Drost assures, that his company has never paid any bribes and never had to implement any specific security measures to protect their office building. However, “it was a little bit strange for me that our administrator every New Year went to the Tax Office to give some whiskey and cigars,” the businessman tells.

“I asked him: “Why you do that? This is considered like a bribe in Holland,”  the businessman shares. “He [administrator – ed.] said that this was just to keep friendship and it was small. And besides that we never had any problems.”

Corruption of Yanukovych’s regime almost made the Dutchman close the office and leave. But the revolution began

The corruption was a serious issue in the country overall, Drost states. It was so serious that the Dutchman was considering closing the office and leaving Ukraine.

“In 2012 I saw that Yanukovych regime was taking more companies hi-jacking, like some restaurants at Derybasivska street (Odesa – ed.), and the son of Yanukovych took these restaurants by help of some people and judges. I saw pressure, so I thought: “Do I want to be here? I can go anywhere in the world where I want, why do I want to be here?”

The businessman was ready to leave Ukraine, but Euromaidan revolution changed everything. As he was in a taxi on his way home in the morning, he saw crowds in the center of Ukraine’s capital.

WP_20140202_077

“I had an apartment at Khreshchatyk, and after a birthday party of my friend, in the morning I came to the window and I saw hundreds and thousands of people going by heading to Maidan,” he recalls. “Next days I also spent a lot of time talking to students. They had fishing rods for protection, covering their arms with towels against the police… It was so exiting, I liked it, and since then I was more or less back in Ukraine, because I saw hope, I saw people wanted to do something, wanted to build the country. It was a big difference with how things were before.”

Kyiv's main street Khreshchatyk as seen from Drost's apartment on morning of 1 December 2013.
Kyiv’s main street Khreshchatyk as seen from Drost’s apartment on 1 December 2013.
Drost on Maidan square, Kyiv, on 1 December 2013
Drost on Maidan square, Kyiv, on the evening of 1 December 2013.

Now Drost is confident in Ukraine and states, that Kyiv is “very safe, very good for doing business an already is very European.” He says, it is a city to which people come to find a job based on their possibilities and knowledge, and not based on family ties or friendship.

“You see people start doing funny things, like men with big earrings that you can see in countries like Latvia. And I think this is a good sign. People express themselves, want to be themselves. And this is different than in 2009, when people wanted to look like businessmen, like they had money.
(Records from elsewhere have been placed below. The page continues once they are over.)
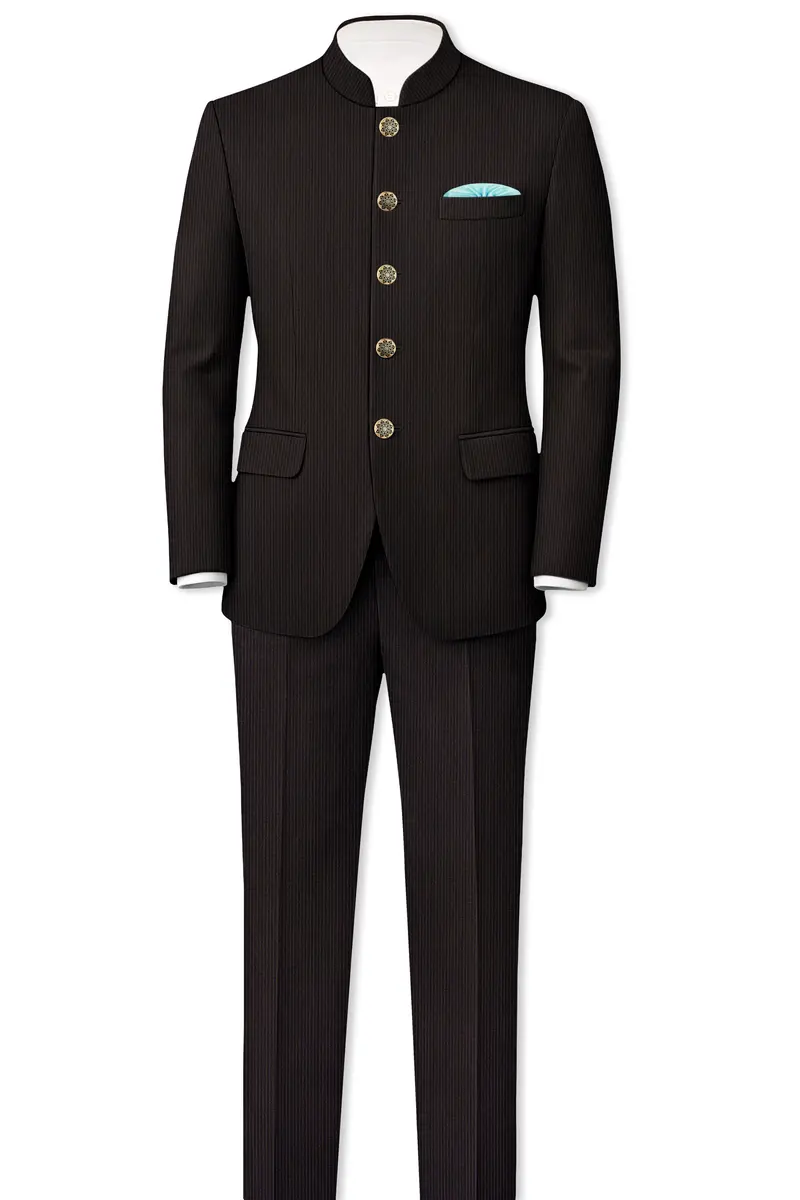 Imperio-Umber Brown Pencil Striped Wool Rich Bandhgala Slight Stretch Blazer 8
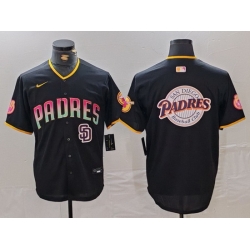 Men San Diego Padres Black Team Big Logo Cool Base Stitched Baseball JerseyS 2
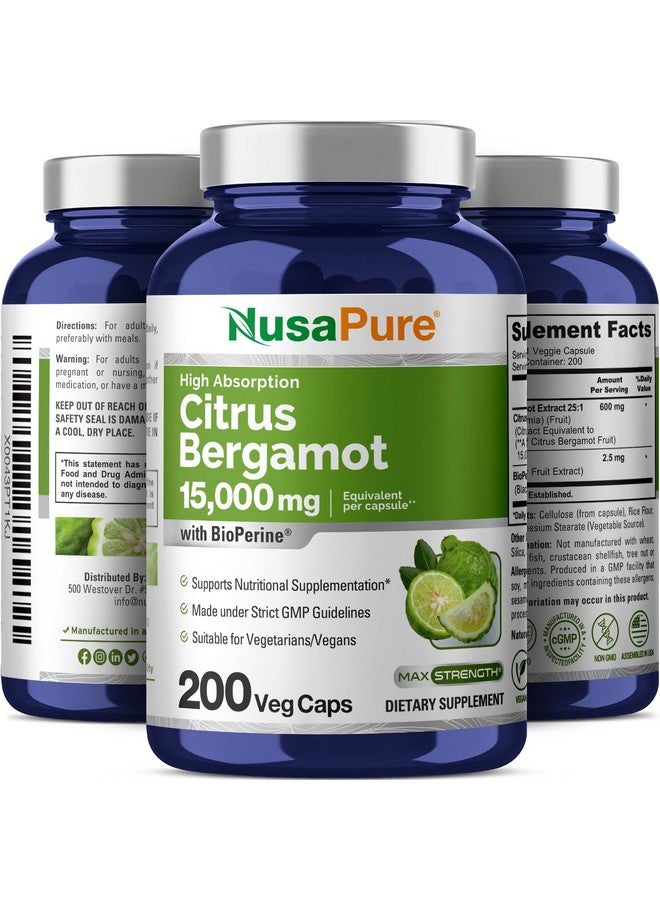 نوسابيور كبسولات نوسابيور بنكهة البرغموت الحمضي ١٥٠٠٠ مجم، ٢٠٠ كبسولة - مستخلص البرغموت بنسبة ٢٥:١ - ٢٠٠ حصة، بيوبيرين، نباتي، غير معدل وراثيًا - Image 3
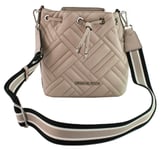 Michael Kors Grey Bucket Bag Medium Quilted Leather Handbag Peyton RRP £270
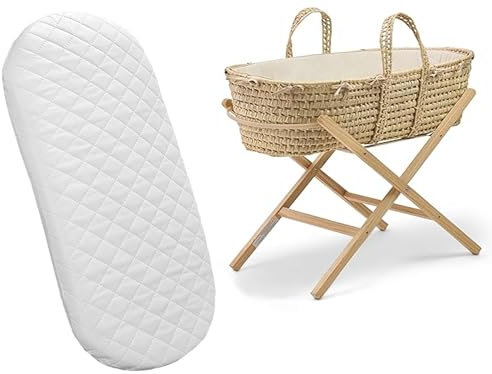 Go4Demand Moses barnvagnskorg, madrass, extra tjock och bekväm, ovalformad skummadrass som passar lätt barnvagn och matvårdskorg, sängkläder med andningsbart quiltat skydd (72 x 26,5 x 4 cm)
Not anymore, you see change – Kyiv has opened.”

Association Agreement is all about improving trade

The Association Agreement between the EU and Ukraine is beneficial for both sides, the businessman states.

“Ukraine is agreed to be one of the best agricultural countries. You have the best soil in the world, and Holland has the best technology in agriculture and great universities. The combination would be fantastic. It is really a win-win situation,” he assures.

He was quite shocked and “almost ashamed” that the referendum regarding the Association Agreement ratification will take place. Drost is sure there is not enough information about this deal in Holland and people don’t know it is about trade in the first place.

“It’s about trading and improving business. Holland has a very long history of trading all over the world, so we should support this.”